> AVAILABLE DATA:
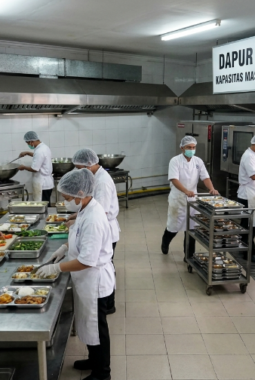 BGN Setop Penambahan Dapur MBG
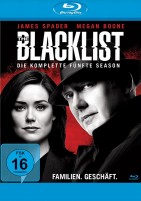 The Blacklist - Staffel 05 (Blu-ray) 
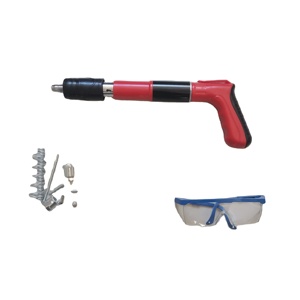 <span class=keywords><strong>Pistola</strong></span> de <span class=keywords><strong>Clavos</strong></span> Neumática de Alta Eficiencia, Presión de Aire de 0.5-0.8MPa, Capacidad para 100 <span class=keywords><strong>Clavos</strong></span>, para Proyectos de Decoración y Carpintería - Product Image 5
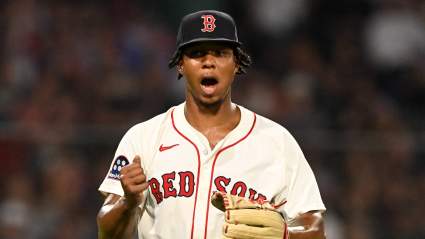 Árbitro de la MLB admite un grave error en el partido de los Red Sox.
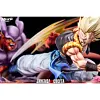 1/6 Scale Gogeta VS Janemba - Dragon Ball Resin Statue - Miracle Studio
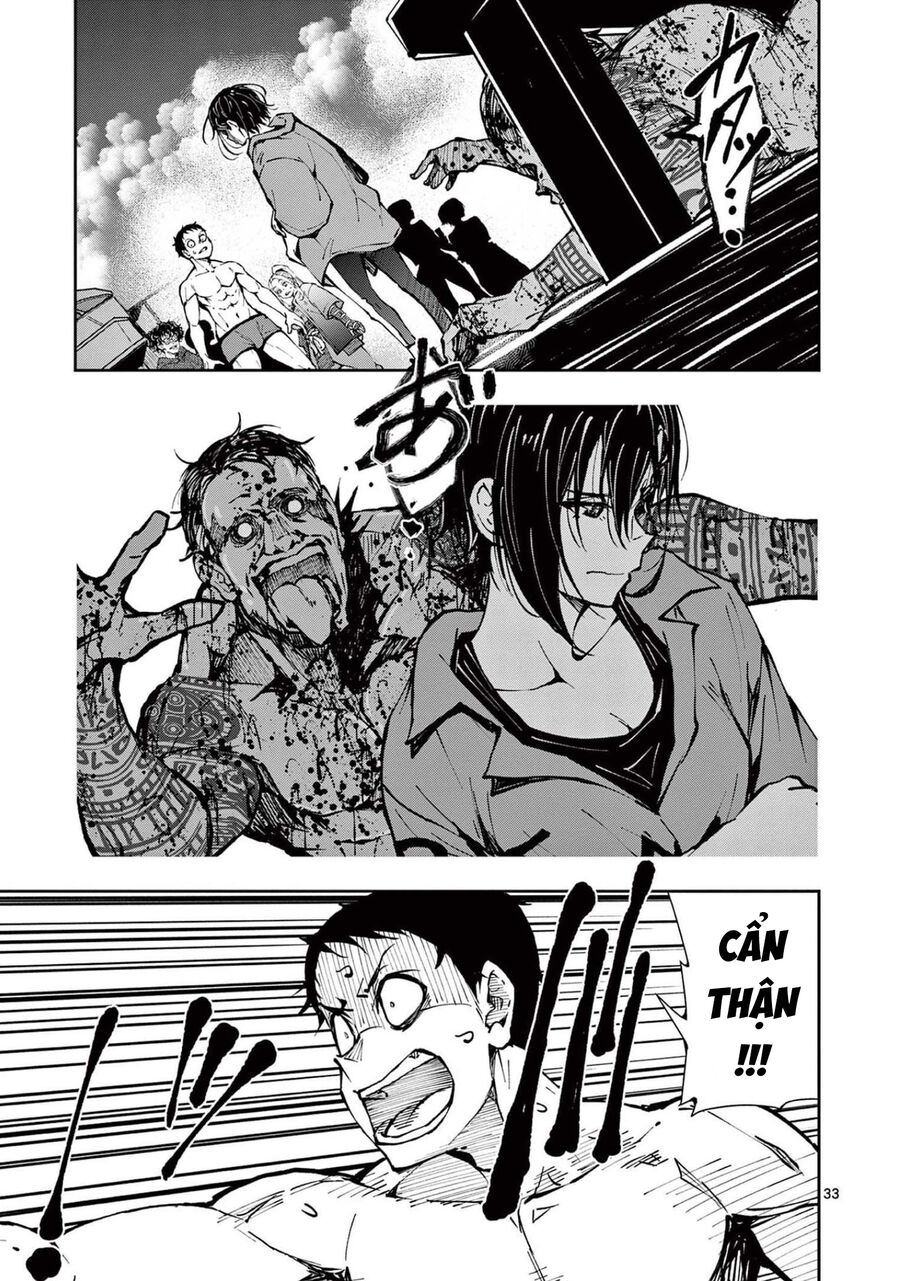 Zombie 100 ~ 100 Điều Tôi Sẽ Làm Trước Khi Trở Thành Zombie~ Chapter 42 - Trang 2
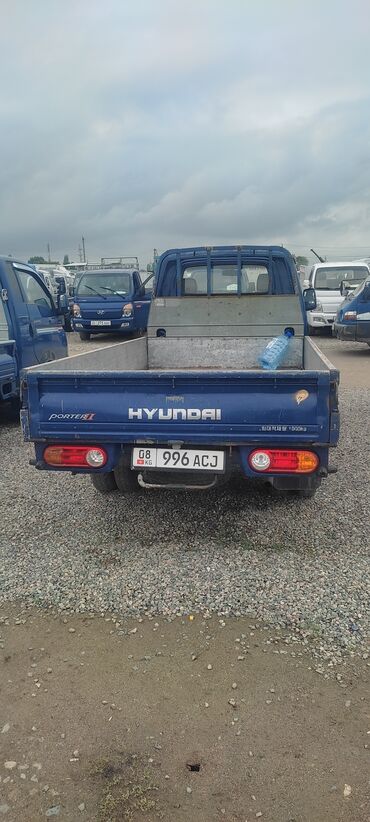 сапок грузовой бортовой: Легкий грузовик, Hyundai, Стандарт, Б/у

> TASK DETAILS: Exact copy, no pictures: write out all the records above.

> RESPONSE AREA:
 BGN Setop Penambahan Dapur MBG
 The Blacklist - Staffel 05 (Blu-ray) 
 <span class=keywords><strong>Pistola</strong></span> de <span class=keywords><strong>Clavos</strong></span> Neumática de Alta Eficiencia, Presión de Aire de 0.5-0.8MPa, Capacidad para 100 <span class=keywords><strong>Clavos</strong></span>, para Proyectos de Decoración y Carpintería - Product Image 5
 Árbitro de la MLB admite un grave error en el partido de los Red Sox.
 1/6 Scale Gogeta VS Janemba - Dragon Ball Resin Statue - Miracle Studio
 Zombie 100 ~ 100 Điều Tôi Sẽ Làm Trước Khi Trở Thành Zombie~ Chapter 42 - Trang 2
 сапок грузовой бортовой: Легкий грузовик, Hyundai, Стандарт, Б/у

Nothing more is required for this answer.